Third Quarter 2017 and Recent Company Highlights
- As the cornerstone of our frontline screening colorectal cancer test for the all-important U.S. market, we entered into an agreement to participate in a large, multi-center study with the Great Lakes New England Clinical Validation Center, funded by the U.S. National Cancer Institute's Early Detection Research Network.
- The objective is to validate Volition's Nu.Q™ Colorectal Cancer Screening Test in a large, asymptomatic population for U.S. regulatory purposes.
- The study provides approximately 13,500 asymptomatic screening samples of people aged 50 or over who have not previously undergone screening or a diagnostic colonoscopy.
- The study will come at a cost of no more than $3 million, paid in equal, quarterly installments.
- We secured four additional patents, in the U.S., Europe, Mexico and Australia, further solidifying Volition's intellectual property portfolio worldwide.
- The patents are complementary to those previously granted. Volition now has 5 granted patents in the U.S. and 8 more patents in other territories.
- In line with our goals to best utilize our Nucleosomics® platform and to broaden our revenue base, we announced the initial order of a bespoke Nu.QTM clinical research use only kit from a large multi-national pharmaceutical company together with plans to launch a range of Nucleosomics® clinical research use only kits in the first half of 2018.
- The kits based on our proprietary Nucleosomics® technology are expected to:
- allow researchers to explore patterns of epigenetic modifications in circulating nucleosomes across a broad range of clinical applications including cancers, inflammatory and infectious diseases. The kits can be used for many purposes, for example as an aid to drug development and treatment selection.
- represent the first revenue from the Nu.QTM platform and potentially provide an additional licensing revenue stream beyond the commercialization of our blood-based cancer tests on the same platform of assays.
- We commenced a project to investigate the use of Nucleosomics® to purify or enrich nucleosomes from cancer. This aims to provide purified circulating tumor DNA to help address the main technology barrier in this emergent field of cancer diagnostics.
- We were awarded $1.5 million in non-dilutive funding from SOFINEX and the Walloon Region of Belgium, bringing the total amount of non-dilutive funding from various agencies in the region to nearly $2.5 million
Third Quarter 2017 and Other Financial Results
For the three months ended September 30, 2017, Volition reported a net loss of $3.89 million, or $0.15 per share. This compares to a net loss of $3.48 million, or $0.15 per share in the third quarter of 2016.
Cash and cash equivalents as of September 30, 2017 totaled $13.84 million, compared with $12.53 million as of September 30, 2016.

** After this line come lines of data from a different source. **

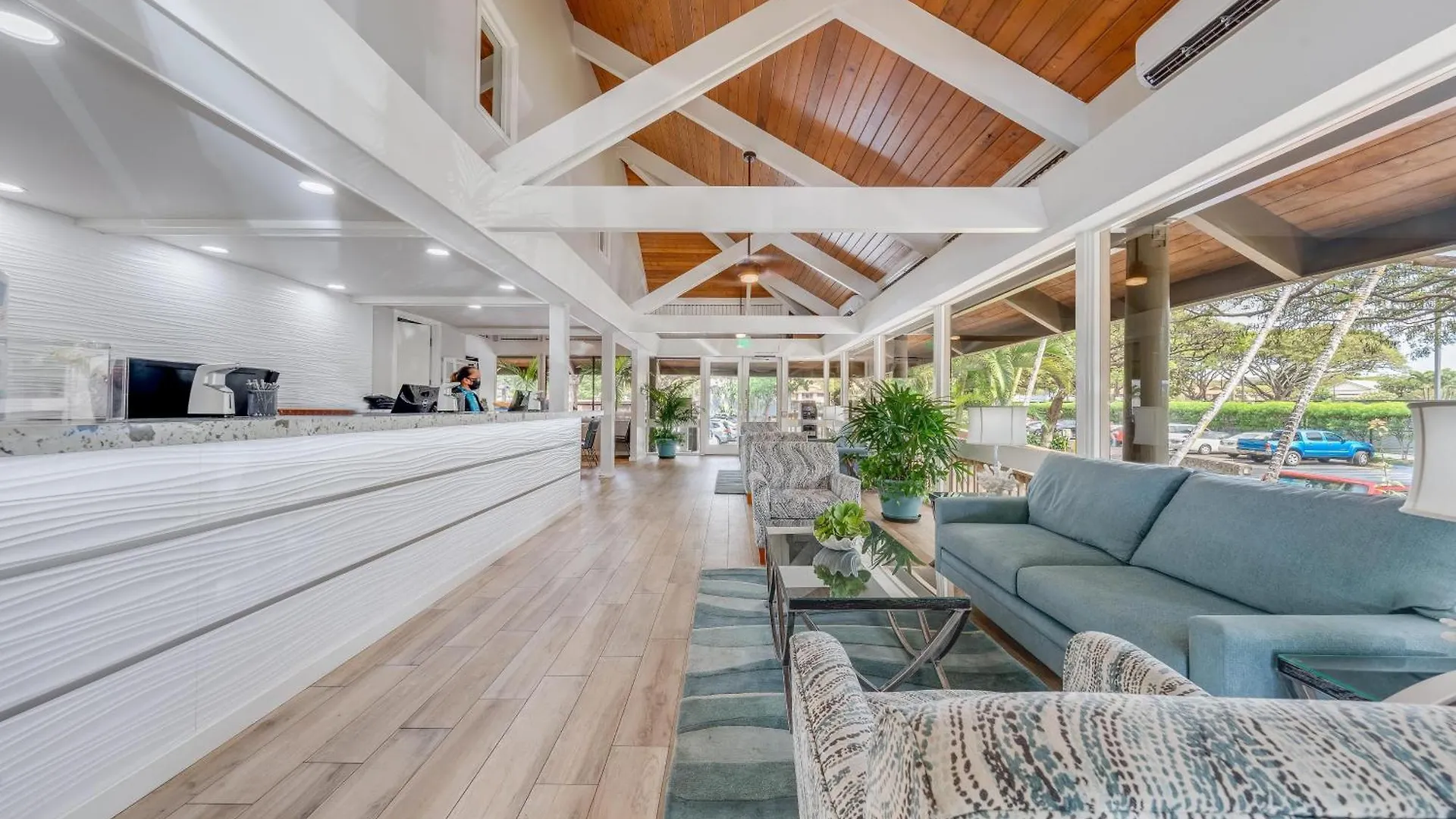 Papakea A306 Apartment Kahana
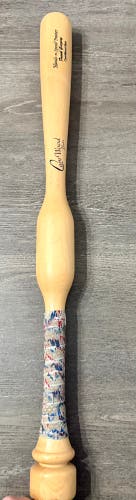 CamWood Trainer Bat - 29" (Used)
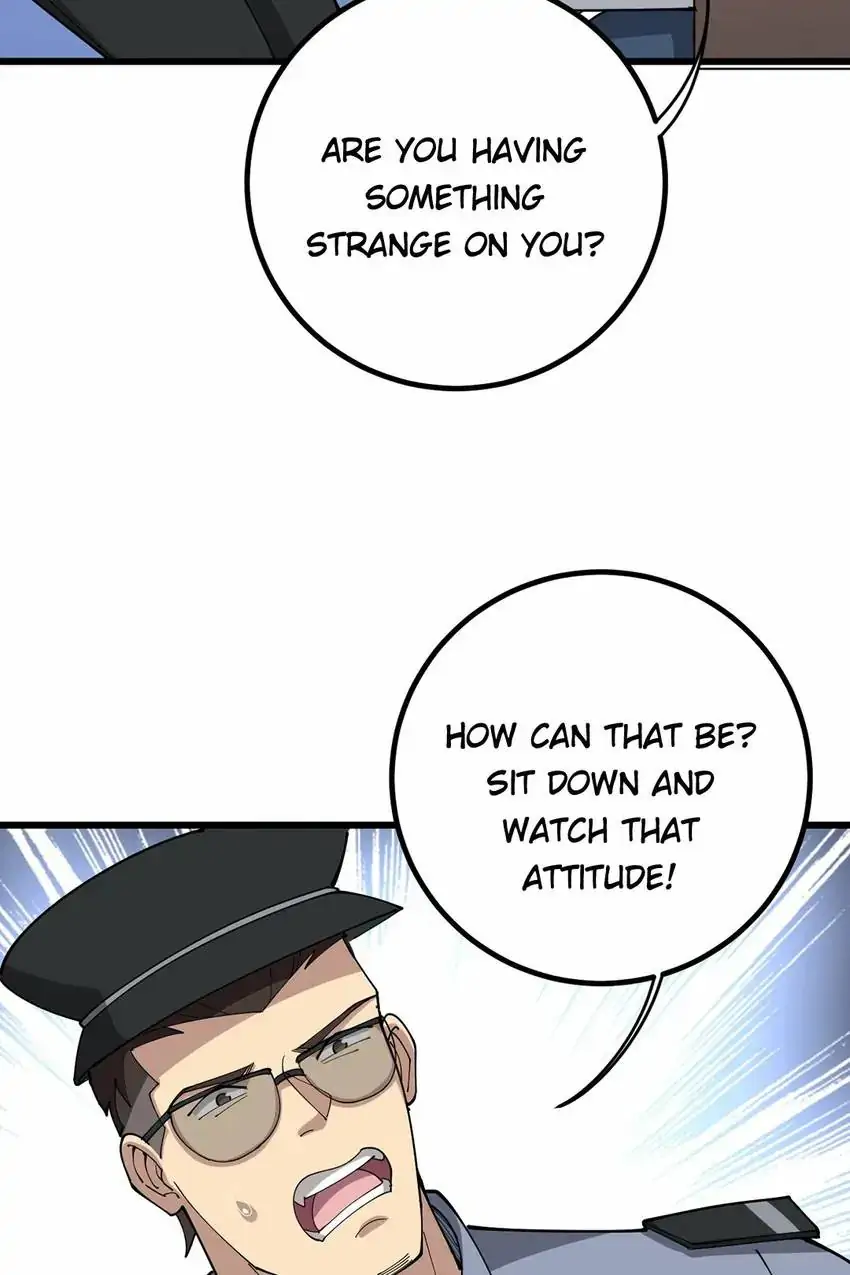 Poisonous Witch Doctor Chapter 76 - Page 42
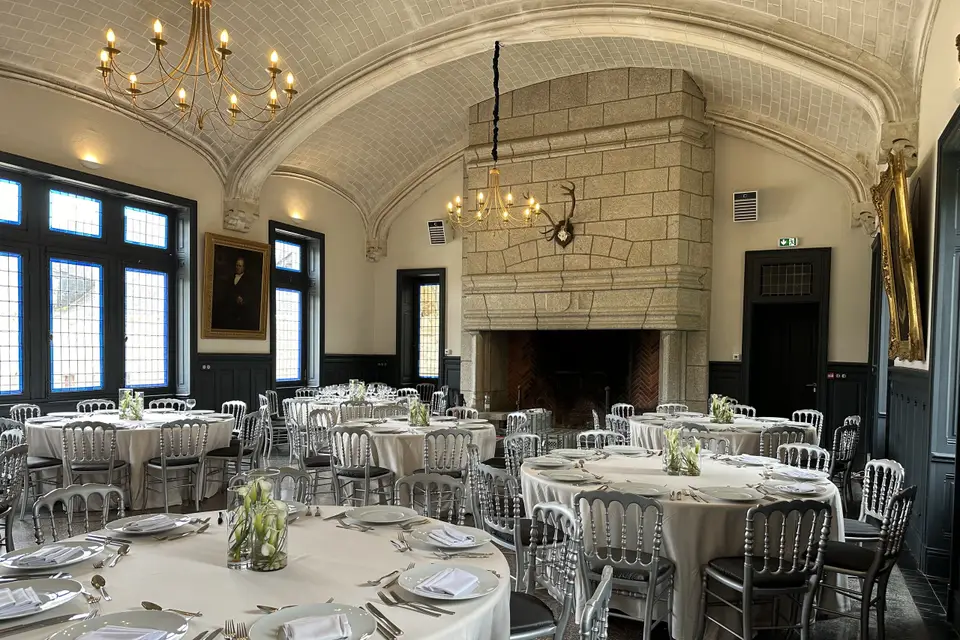 Château de Coislin — photo 8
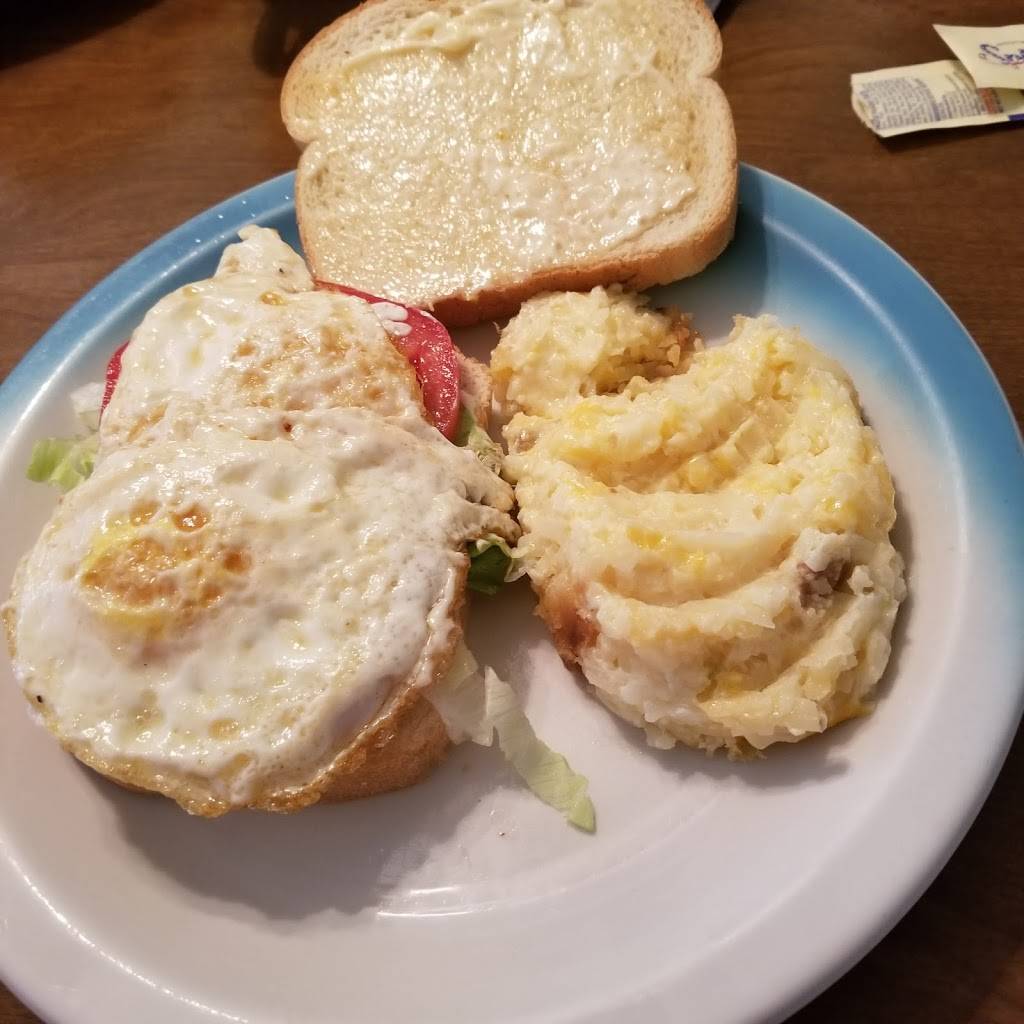 Rooster Robs | restaurant | 2544 TN-81 Scenic, Jonesborough, TN 37659, USA | 4233487525 OR +1 423-348-7525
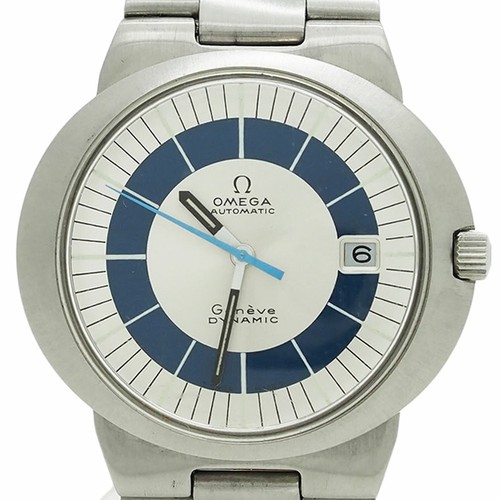 Omega geneve dynamic 135 - omega,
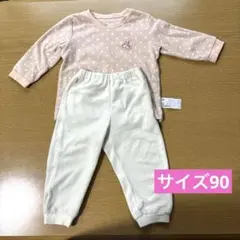 UNIQLO ベビーパジャマ
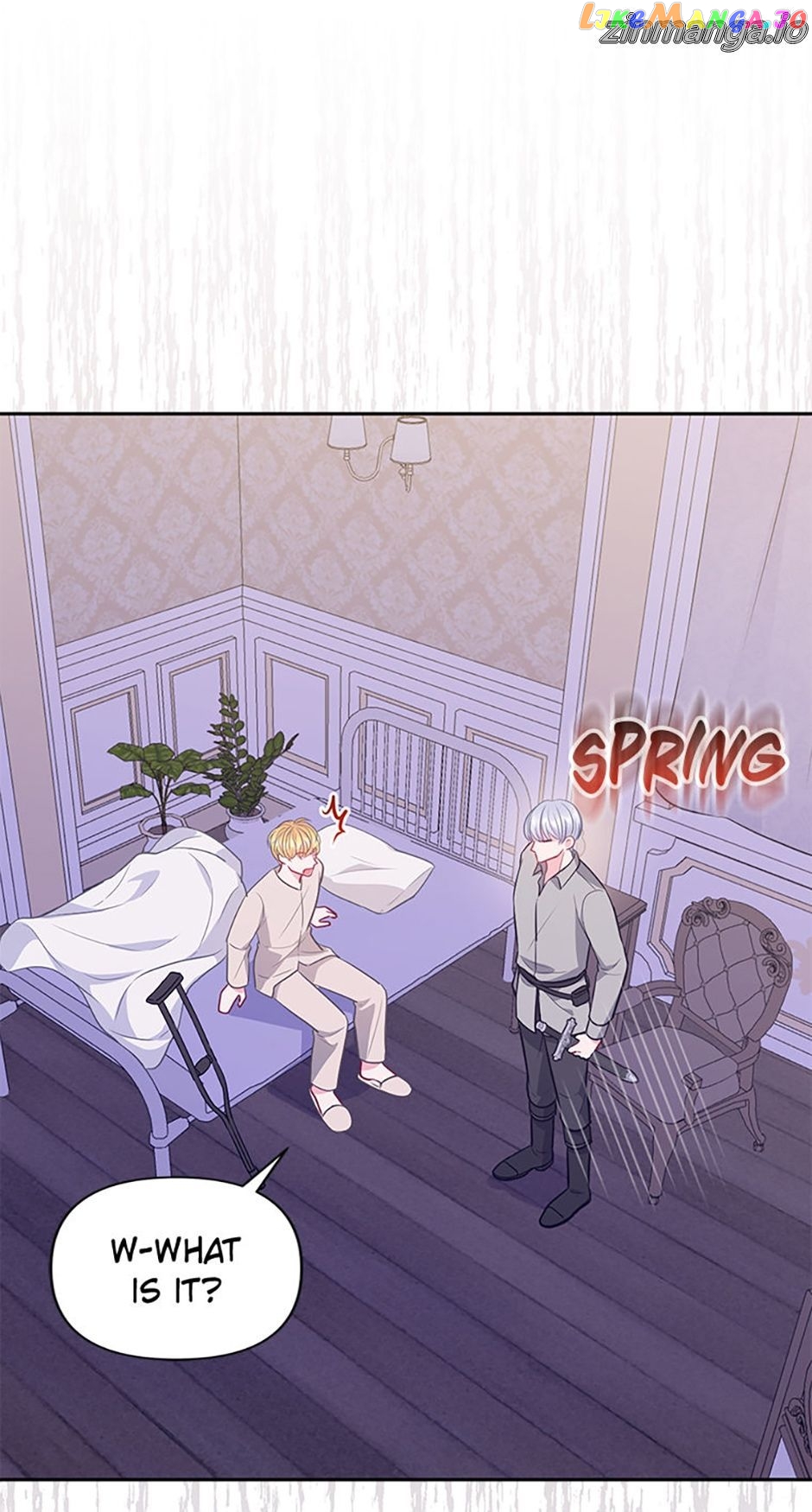 So I Married An Abandoned Crown Prince Chapter 27 - page 70
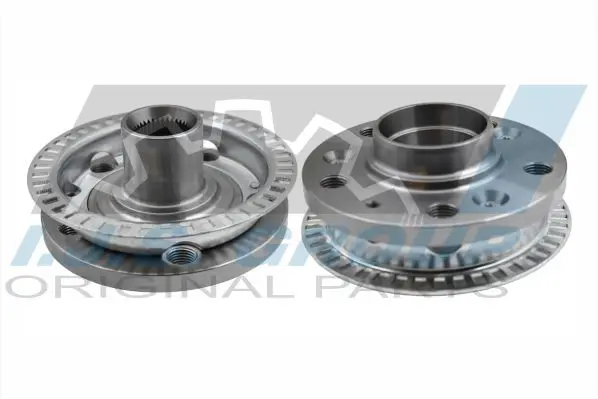 Handler.Part Wheel hub IJS GROUP 101076 1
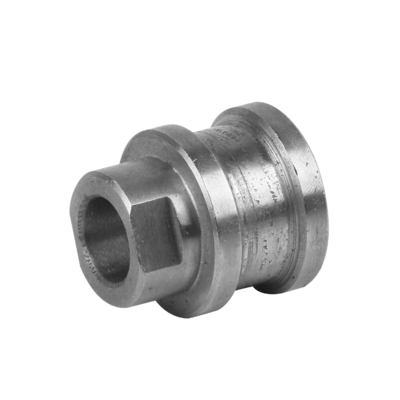Латунные медные части CNC нержавеющей стали частей CNC подвергая механической обработке алюминиевые филируя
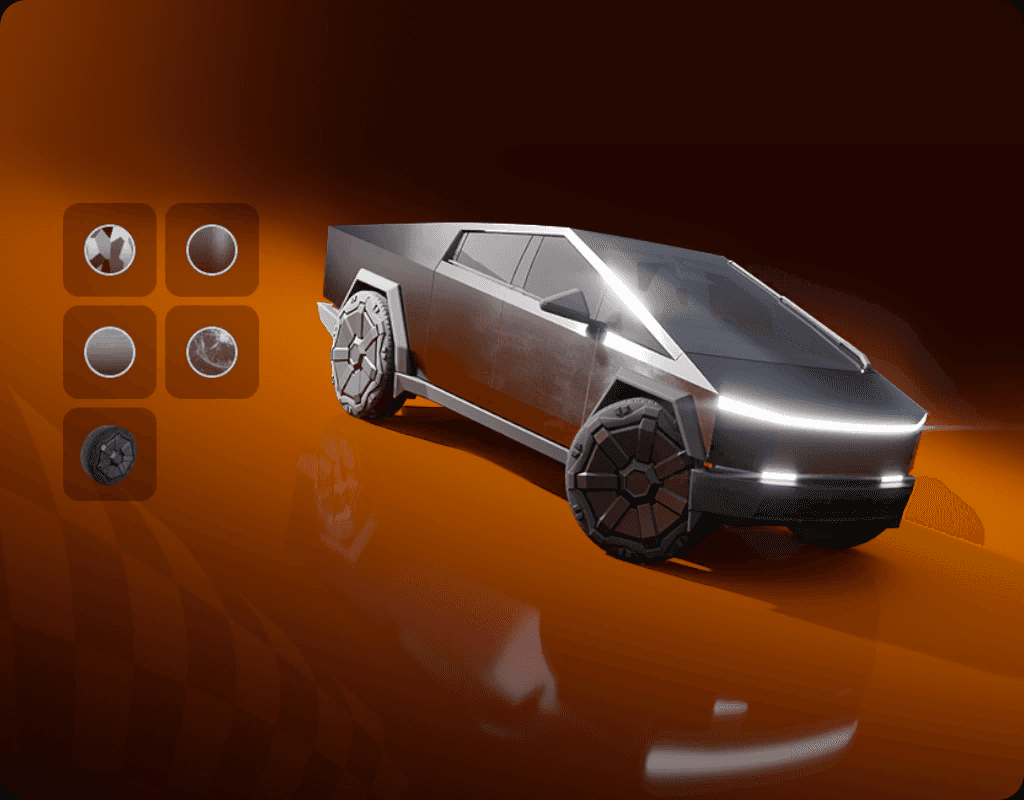 Tesla Cybertruck Bundle — Epic Bundles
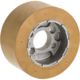 Grizzly Industrial Synthetic Rubber Roller for G4179, G4180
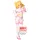 Bandai SAS Liliel Angel 2.5 Dimensional Seduction – Glitter & Glamours Costume 22 cm, Mehrfarbig
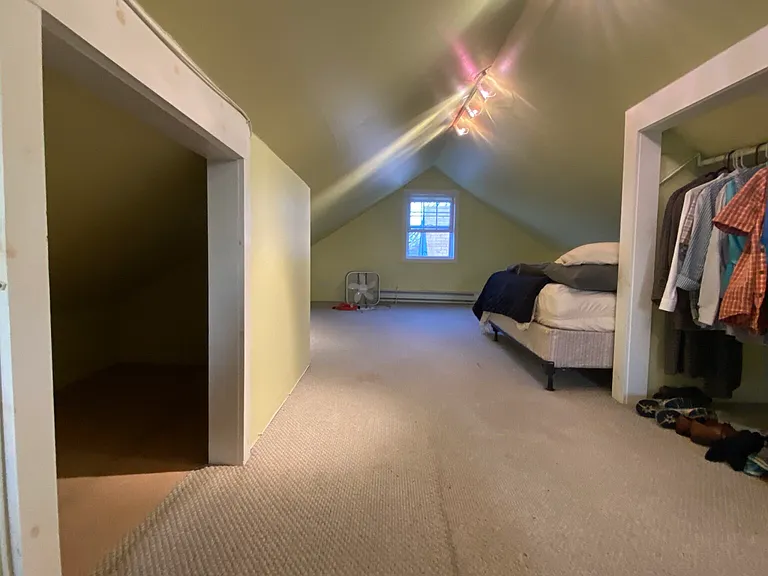 27 Albion Pl, Powder House Square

Volition is targeting several important clinical and commercial milestones, including:
- Selection of the panel for our frontline Nu.QTM Colorectal Cancer Screening Test by the end of 2017. This panel will be subject to validation in a 4,300-subject trial in the first quarter of 2018 followed by a more than 10,000 subject cohort in second quarter of 2018. It is expected that the product will have CE marking by the third quarter of 2018, which would allow the sale of the product in all 28 European Union countries (where there is a total screening market of over 150 million persons). Regulatory approval will follow in Asia in early 2019.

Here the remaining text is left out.